Examples of how to get column index from column name with pandas:
Table of contents
- Create a dataframe with pandas
- Get column index from column name (Example 1 column name are unique)
- Example 2 column name are not unique but are adjacent to each other
- Example 3 column name are not unique and are not adjacent to each other
- Create a function to get indexes from column name
- References
Create a dataframe with pandas
Let's first create a simple dataframe with pandas:
import pandas as pd
import numpy as np
data = np.random.randint(10, size=(5,3))
columns = ['Score A','Score B','Score C']
df = pd.DataFrame(data=data,columns=columns)
print(df)
returns
Score A Score B Score C
0 3 5 6
1 8 1 5
2 3 5 3
3 3 4 6
4 4 6 7
Get column index from column name (Example 1 column name are unique)
To get the column index associated with a column name, a solution is to use get_loc(), example:
df.columns.get_loc("Score A")
gives
0
Column called "Score B"
df.columns.get_loc("Score B")
gives
1
Column called "Score C"
df.columns.get_loc("Score C")
gives
2
It is possible to create a dictionary with column name as key and associated index as value:
idx_dic = {}
for col in df.columns:
idx_dic[col] = df.columns.get_loc(col)
print(idx_dic)
gives
{'Score A': 0, 'Score B': 1, 'Score C': 2}
Example 2 column name are not unique but are adjacent to each other
Another example but here there are several adjacent columns with the same name called "Score C":
columns = ['Score A','Score B','Score C']
df = pd.DataFrame(data=data,columns=columns)
data2 = np.random.randint(10, size=(5,1))
columns = ['Score C']
df_add = pd.DataFrame(data=data2,columns=columns)

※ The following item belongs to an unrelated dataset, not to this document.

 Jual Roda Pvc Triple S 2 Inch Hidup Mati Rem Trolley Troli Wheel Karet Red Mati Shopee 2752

df = pd.concat([df,df_add], axis=1)
df = pd.concat([df,df_add], axis=1)
print(df)
returns
Score A Score B Score C Score C Score C
0 3 5 6 3 3
1 8 1 5 1 1
2 3 5 3 3 3
3 3 4 6 2 2
4 4 6 7 7 7
then
df.columns.get_loc("Score C")
return a slice:
slice(2, 5, None)
Note To get the type
type(df.columns.get_loc("Score C"))
and to check the type with python:
isinstance(df.columns.get_loc("Score C"), slice)
returns here
True
Then to get a list of index associated with column "Score C", a solution is to do:
col_idx_slice = df.columns.get_loc("Score C")
col_idx_list = [i+col_idx_slice.start for i in range(col_idx_slice.stop-col_idx_slice.start) ]
col_idx_list
[2, 3, 4]
Example 3 column name are not unique and are not adjacent to each other
Another example, here there are several columns with the same name called "Score C" but not adjacent:
columns = ['Score A','Score B','Score C']

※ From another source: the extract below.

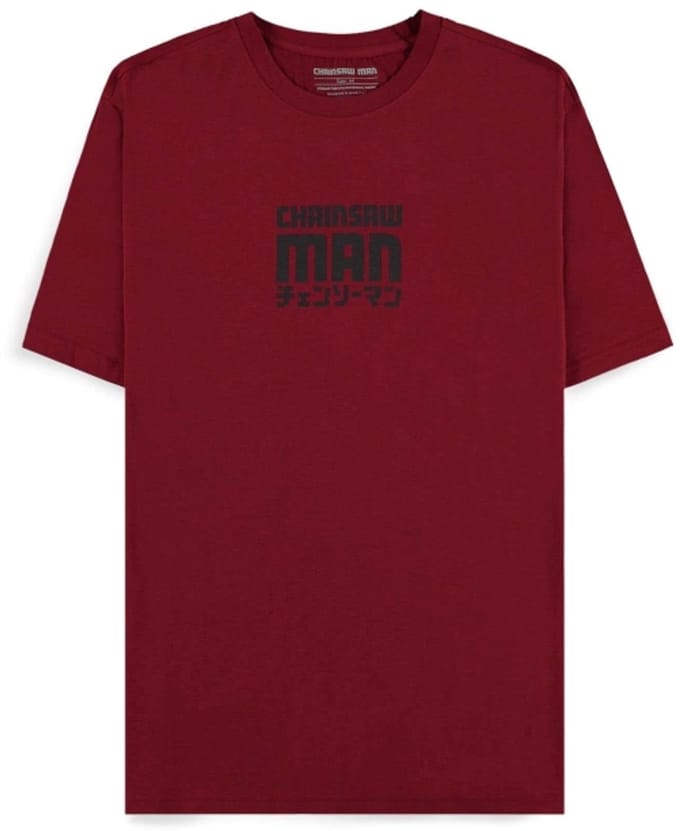 Chainsaw Man - Smile Heren Tshirt - S - Bordeaux rood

df = pd.DataFrame(data=data,columns=columns)
data2 = np.random.randint(10, size=(5,2))
columns = ['Score C','Score D']
df_add = pd.DataFrame(data=data2,columns=columns)
df = pd.concat([df,df_add], axis=1)
df = pd.concat([df,df_add], axis=1)
print(df)
returns
Score A Score B Score C Score C Score D Score C Score D
0 3 5 6 3 9 3 9
1 8 1 5 0 4 0 4
2 3 5 3 3 0 3 0
3 3 4 6 6 9 6 9
4 4 6 7 7 4 7 4
then
df.columns.get_loc("Score C")
returns an array:
array([False, False, True, True, False, True, False])
Note: check the type
type(df.columns.get_loc("Score C"))
numpy.ndarray
or
isinstance(df.columns.get_loc("Score C"), np.ndarray)
returns here:
True
To convert this boolean array to index just do:
np.where( df.columns.get_loc("Score C") )[0]
which returns
array([2, 3, 5])
and then to a list:
np.where( df.columns.get_loc("Score C") )[0].tolist()
returns
[2, 3, 5]
Create a function to get indexes from column name
Combine all 3 examples above to create a function that returns column index from column name:
Example of dataframe
Score A Score B Score C Score D Score D Score C
0 3 5 6 6 7 5
1 8 1 5 7 3 9
2 3 5 3 0 1 7
3 3 4 6 8 2 2
4 4 6 7 5 0 1
Solution
def get_column_index_list(column):
if type( df.columns.get_loc(column) ) == int:
col_index_list = []
col_index_list.append( df.columns.get_loc(column) )
if isinstance(df.columns.get_loc(column), slice):
col_index_list = [i+col_idx_slice.start for i in range(col_idx_slice.stop-col_idx_slice.start) ]
if isinstance(df.columns.get_loc(column), np.ndarray):
col_index_list = np.where( df.columns.get_loc(column) )[0].tolist()
return col_index_list
print( get_column_index_list('Score A') )
print( get_column_index_list('Score C') )
print( get_column_index_list('Score D') )
returns
[0]
[2, 5]
[3, 4]